- Born: 1979 or 1980 (age 46–47)
- Education: PhD, University of Washington
- Known for: atmospheric chemistry, PAN
- Awards: AGU James B. Macelwane Medal
- Scientific career
- Workplaces: Colorado State University
- Website: sites.google.com/rams.colostate.edu/fischer-group/

= Emily V. Fischer =

US atmospheric chemist and academic

Emily V. Fischer is an atmospheric chemist and an associate professor in the department of atmospheric science at Colorado State University. She earned notoriety from her work on the WE-CAN project and on PAN, specifically its role in changing the distribution of oxidants in the troposphere. She has received many honors including the prestigious James B. Macelwane Medal which is "given annually to three to five early career scientists in recognition of their significant contributions to Earth and space science." Fischer is also a role model and activist in galvanizing support for women in STEM fields.

== Early life and education ==
Fischer was born in Rhode Island. She was drawn into atmospheric science when, at age eleven, Hurricane Bob hit her home state in August 1991; blown away by nature's phenomenon, she called her local meteorologist to ask "what made wind".
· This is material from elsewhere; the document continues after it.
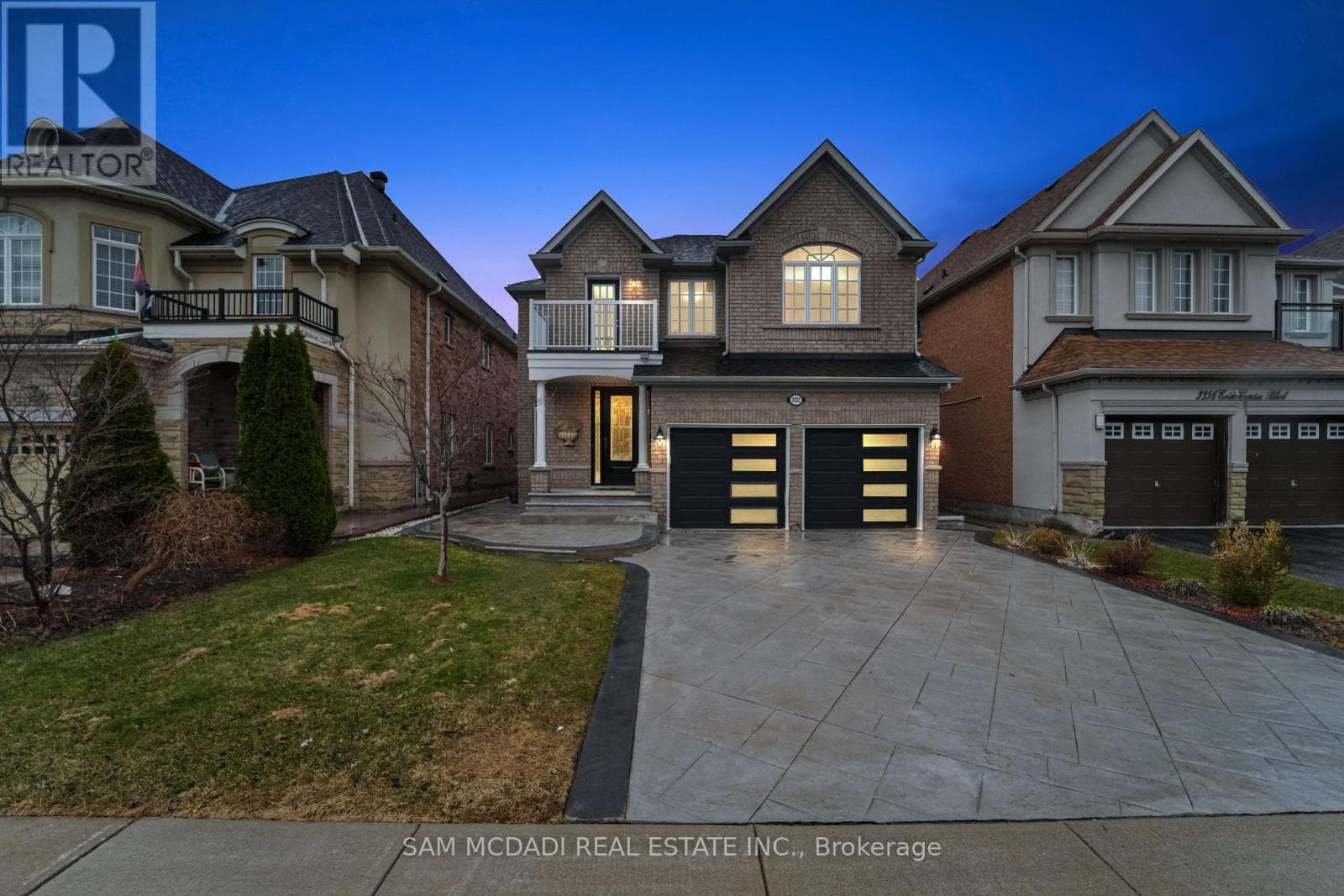 4 bed 5 bath single family at 3352 ERIN CENTRE BOULEVARD — $1,888,000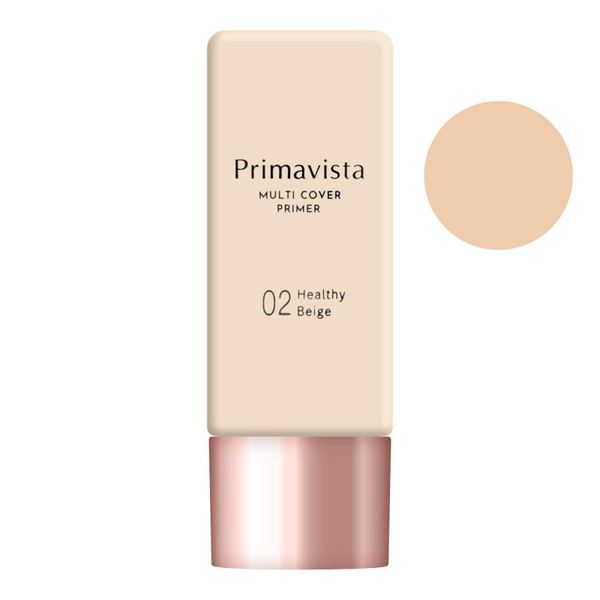 Kao Primavista Just One Finish 02 #Healthy Beige 25ml SPF35 PA+++ [Sunscreen lotion, makeup base, face color] [Mail order available] [SBT]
After a year at Colby College, she transferred to the University of British Columbia, where she graduated with a B.S. in Atmospheric Science in 2002. In 2004, she earned M.S. in Earth Sciences from the University of New Hampshire, Durham. Finally, after studying transpacific air pollution on Mount Bachelor, OR, she earned her PhD in Atmospheric Sciences from the University of Washington in 2010.

== Career and research ==
Following her PhD research in 2011, Fischer became a NOAA Environmental Fellow at the Harvard University Center for the Environment. There, she "explored the processes controlling the distribution of the most important atmospheric oxidants, the hydroxyl radical and ozone." In 2013, she became an assistant professor at Colorado State University, where she works today and leads the Fischer Group, which focuses on studying the troposphere composition; some of the projects include "Fires to Farms: How do wildfire smoke driven changes in radiation impact crops and solar resources?", "Transformation and Transport of Ammonia (TRANS2AM)", "Leveraging Field-Campaign Networks for Collaborative Change," and many others. Her most notable work was done on the Western Wildfire Experiment for Cloud Chemistry, Aerosol Absorption and Nitrogen (WE-CAN) project. The goal of the project was to study both the chemical make-up and travel of compounds produced by wildfires. Additionally the project pioneered a satellite technique for measuring PAN that now gives scientists a panoramic perspective.

===Select publications===
- Fischer, E. V. (2010). "Meteorological controls on observed peroxyacetyl nitrate at Mount Bachelor during the spring of 2008"
- Fischer, E.V. (2014). "Atmospheric peroxyacetyl nitrate (PAN): a global budget and source attribution"
- Fischer, E. V. (2012). "The role of the ocean in the global atmospheric budget of acetone"
- Gong, S. L. (2009). "A decade of dust: Asian dust and springtime aerosol load in the U.S. Pacific Northwest"

== Awards and honors ==

- In 2019, Fischer received the James. B Macelwane medal from the American Geophysical Union
- In 2019, she was chosen by students in the CSU Atmospheric Science Department as professor of the Year.
- In 2018 Fischer received the CSU Graduate Advising and Mentorship Award.
- 2011-2013 she was a NOAA Climate and Global Change and a Harvard Center for the Environment Fellow.

== Public engagement ==
In 2014, Fischer along with fellow scientists launched a program Promoting Geoscience, Research, Education and Success (PROGRESS). Through "a professional development workshop, access to female mentors and role models, and online discussions and resources" PROGRESS aims "to introduce the women to geoscience careers, to establish connections among students, to help participants identify role models and the value of mentoring, [and] to discuss how to overcome expected hurdles."